The plan is simple: Neufund will help MSX, the Malta Stock Exchange’s skunkworks, create tokenized securities. Binance has agreed to carry these securities on its own exchange, essentially creating a straight path to regulated tokens via the already regulated Malta Stock Exchange. In short, this enables Malta to become the first country to be able to offer tokens alongside traditional equities as well as an easy way to go public in multiple ways including via ICO.
The plan is still in the pilot stage. This year they will begin “the public offering of tokenized equity on Neufund’s primary market which may later be tradable on Binance and other crypto exchanges pending regulatory and listing approvals” said Neufund CEO Zoe Adamovicz.
“We are thrilled to announce the partnerships with Malta Stock Exchange and Binance, that will ensure high liquidity to equity tokens issued on Neufund. It is the first time in history, that security tokens can be offered and traded in a legally binding way. The upcoming pilot project will allow us to test the market’s reaction and realize the overall project idea in an environment with minimized risk.” said Adamovicz.

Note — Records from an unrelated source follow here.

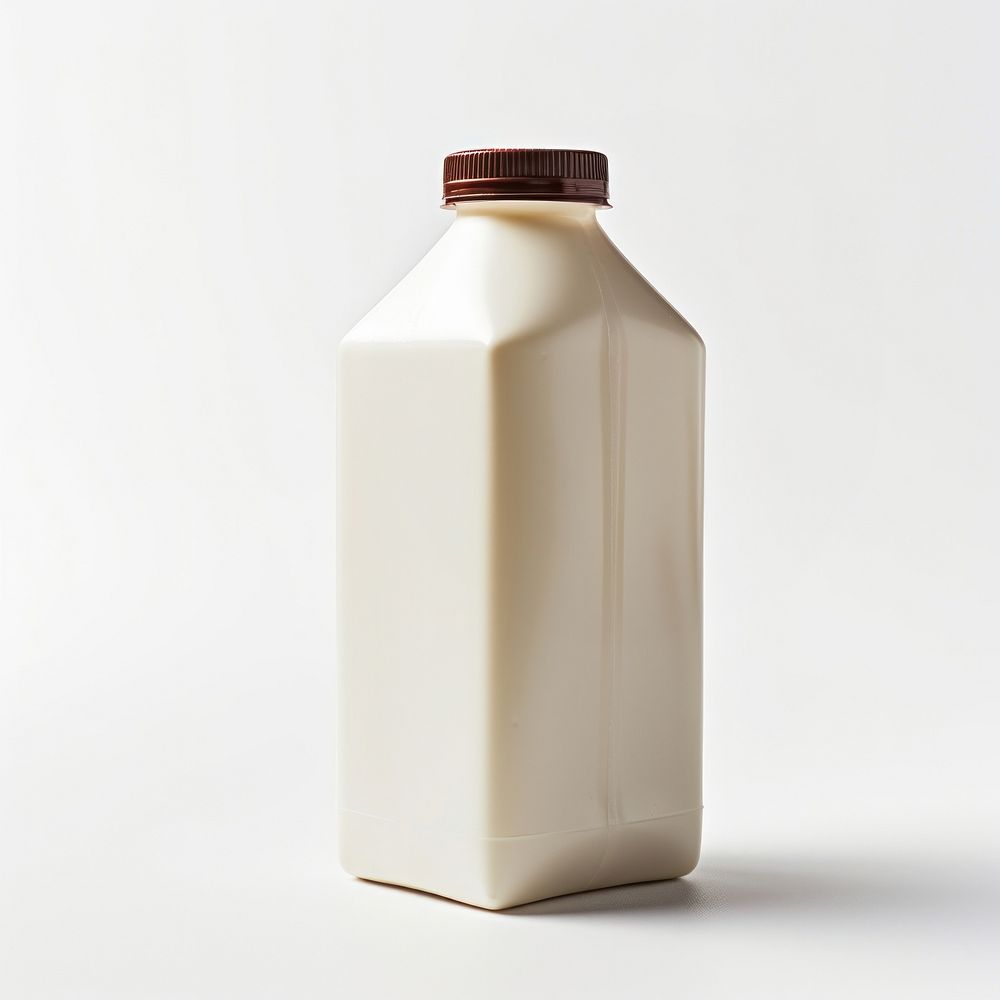 Chocolate milk gallon packaging bottle dairy white background.
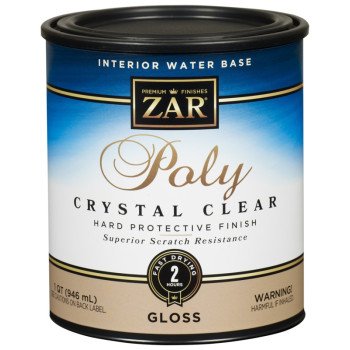 Aqua ZAR 32412 Polyurethane, Gloss, Liquid, Crystal Clear, 1 qt, Can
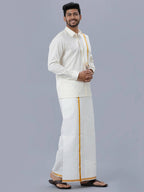 Ramraj Cotton Premium Wedding Cream Readymade Dhoti, Shirt & Towel Set Dhanvanthri | Grocsy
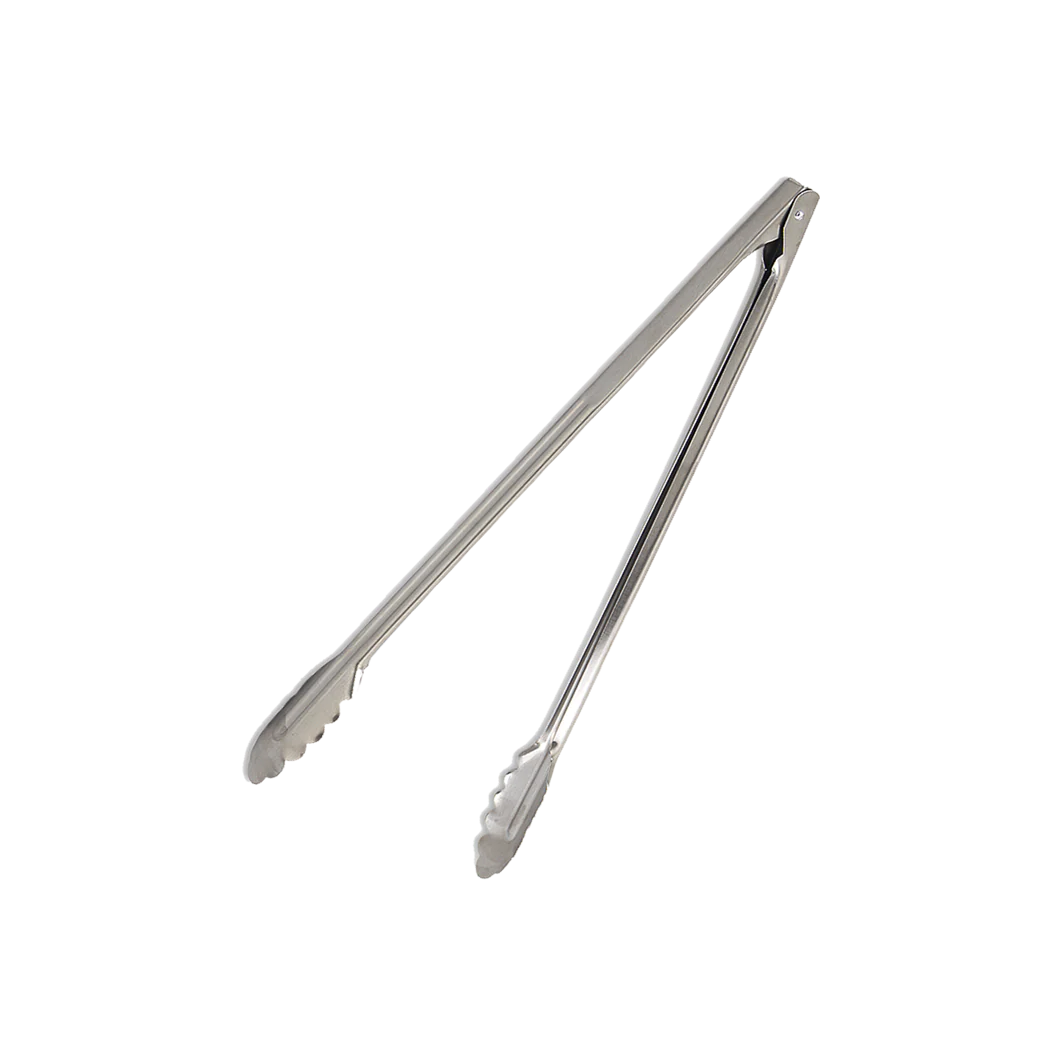 Browne 9.5-Inch Stainless Steel Kitchen Tongs - Heavy Duty Cooking Utensil for Grilling, BBQ, Serving & Salad Tossing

“We are delighted to welcome Neufund as our key partner in building a Blockchain-based exchange that is fully integrated with established financial markets. With the upcoming pilot project we become a worldwide pioneer in digital finance,” said Joseph Portelli, chairman of the Malta Stock Exchange.
This move is interesting in that it offers a parallel track to companies wishing to go public via token sales. While even the terminology isn’t completely hashed out in regards to the future of these systems, having a spot like Malta lead in the matter of token sales selling alongside equities is a solid decision. Malta is increasingly becoming the testbed for these sorts of experiments and, even if this is not yet a real project, it could create a turnkey solution for ICO launches on the island.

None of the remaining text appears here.